Thursday, August 5, 2010
Some of you may or may not know this but I am in the teaching field so I deal with kids (ranging from 12-20 year olds) on a daily basis. I found out about this movie back when school was still in session and couldn't wait until I got my hands on it because I was hoping this would be a good movie to show to teenagers. Teen suicide is such a sensitive topic especially in today's society when we hear about tragedies like Columbine or severe bullying that leads to kids feeling alienated and desperate to be heard (such as teenager Phoebe Prince's sad story).
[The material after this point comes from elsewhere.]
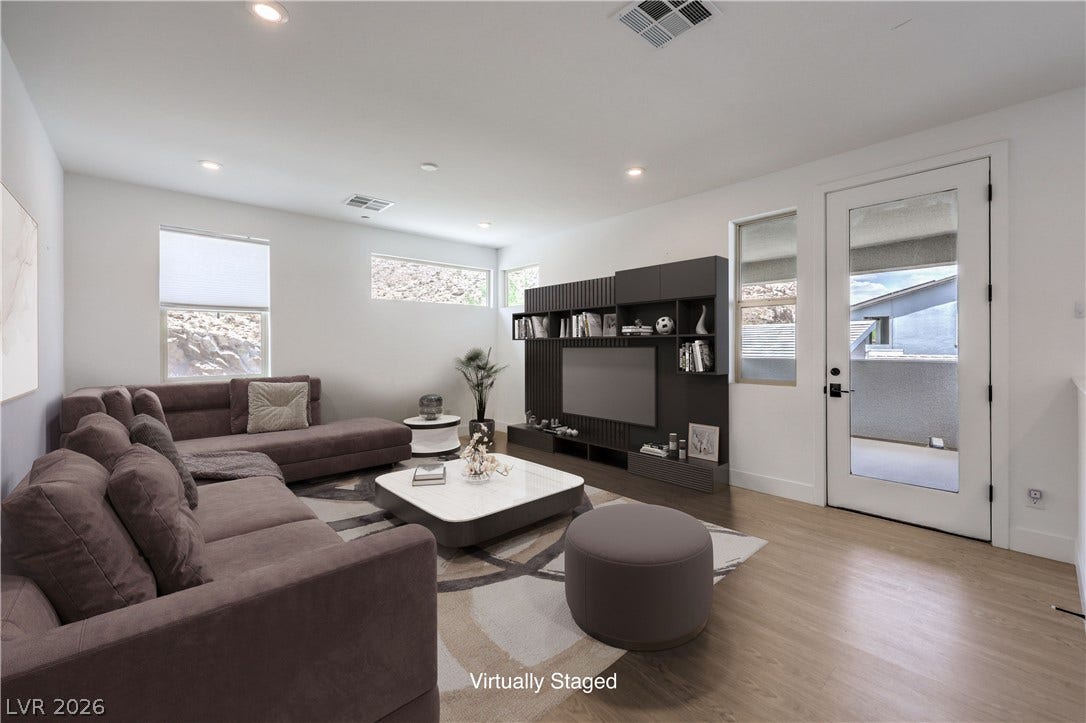 1984 Canyon Highlands Drive, Henderson, NV 89052 Recessed lighting illuminates a well-appointed living room featuring wood flooring and a glass-paned door.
To Save A Life is a movie that not only covers teen suicide but topics like bullying, peer pressure, teen drinking, cutting (as in teens that cut themselves), the effects on teens in single parent homes, the effects on teens whose parents are going through a divorce, pregnancy, Christianity, spiritualism, and I will even go as far as to include interracial relationships. For a 120 minute movie, it covers alot of issues that teens, parents, AND teachers go through and should look out for in their daily lives.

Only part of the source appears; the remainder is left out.